═════ LISTED RECORDS

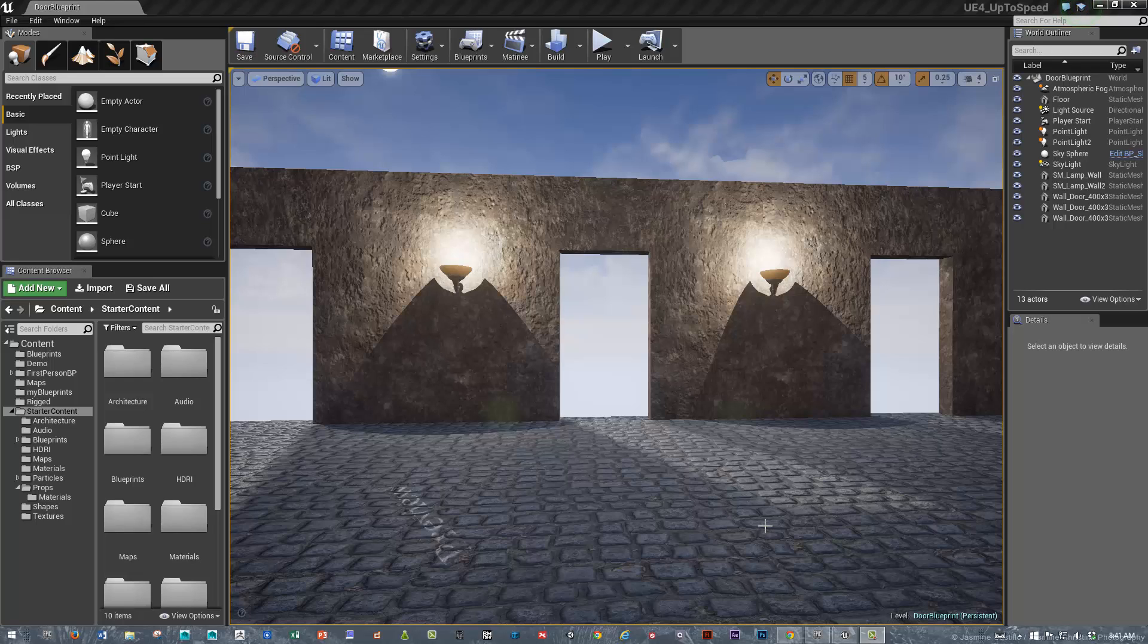Hi, this is Sean. In this video, I'm going to go over how to make a reusable Blueprint door. Let's get started.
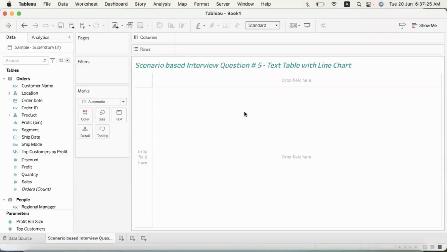Hi friends, this is scenario-based interview question number 5: text table with line chart. I have a question from the community that I have shared in this video.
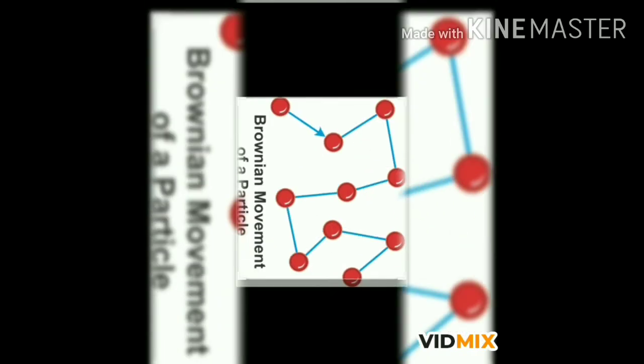Brownian movement: Colloidal particles move at random in a zigzag motion in all directions. This zigzag motion of colloidal particles is called Brownian movement. Brownian movement is caused by the collision of colloidal particles with the molecules of the dispersion medium.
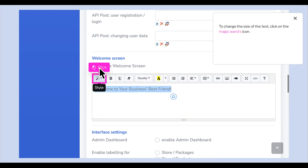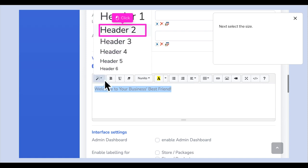To change the size of the text, click on the Magic Wands icon. Next, select the size.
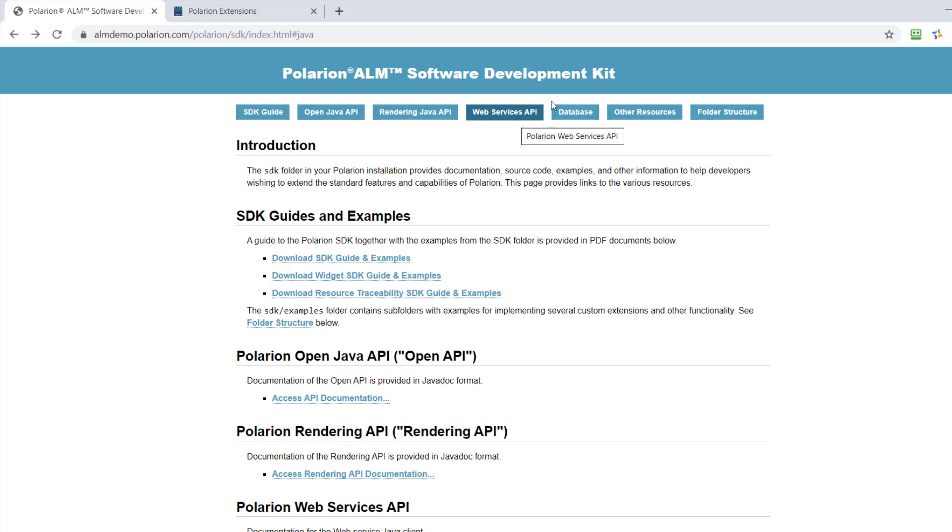Then there is the database documentation. You know that Polarion has a SQL index on top of the Subversion database.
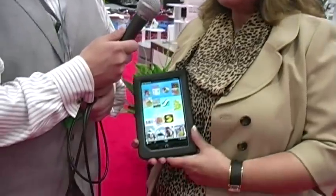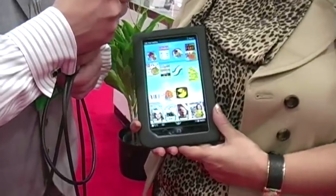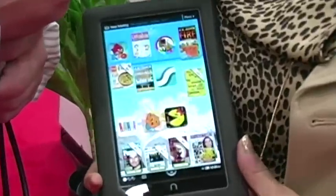This is the Nook Reader's Tablet, the Nook Color, and it sells for $249. It's a Reader's Tablet so it's primarily used for reading books, magazines, and kids books, but in addition to that we're also featuring third-party apps on our device.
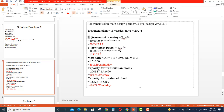We now find the future population separately for each component. For transmission mains (design year 2037) and for the treatment plant (design year 2027), we plug in n = 32 and n = 22 respectively into the geometric growth formula. The future population for transmission mains and the future population for treatment plant is approximately 153,278.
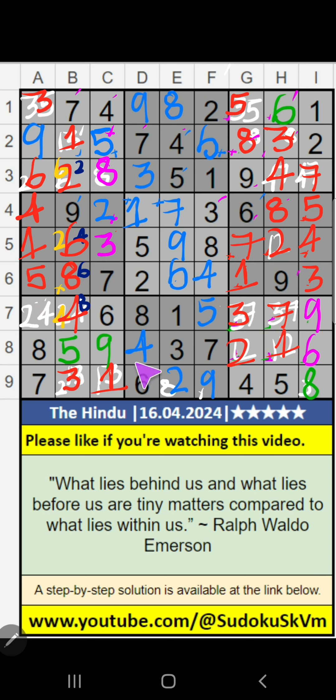In the 7th row, column A, and 7th row, only one number is remaining: 2. 2 is confirmed here.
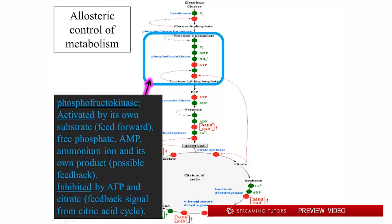Phosphofructokinase is extremely intensively controlled — much more so even than hexokinase. Both hexokinase and phosphofructokinase are the two exergonic steps where ATP hydrolysis drives the net free energy drop substantially, making the reaction tend to drive itself forward. But phosphofructokinase is especially important because that's the point of no return — you've pushed the snowball over the hill and it's going to roll down to completion.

══════════

* **TASK TO CARRY OUT**: Above are some entries. Restate word for word the lines from the one holding "Then there is" through the one holding "This is the", but not the pictures.

* **YOUR RESPONSE**:
Then there is the database documentation. You know that Polarion has a SQL index on top of the Subversion database.
This is the Nook Reader's Tablet, the Nook Color, and it sells for $249. It's a Reader's Tablet so it's primarily used for reading books, magazines, and kids books, but in addition to that we're also featuring third-party apps on our device.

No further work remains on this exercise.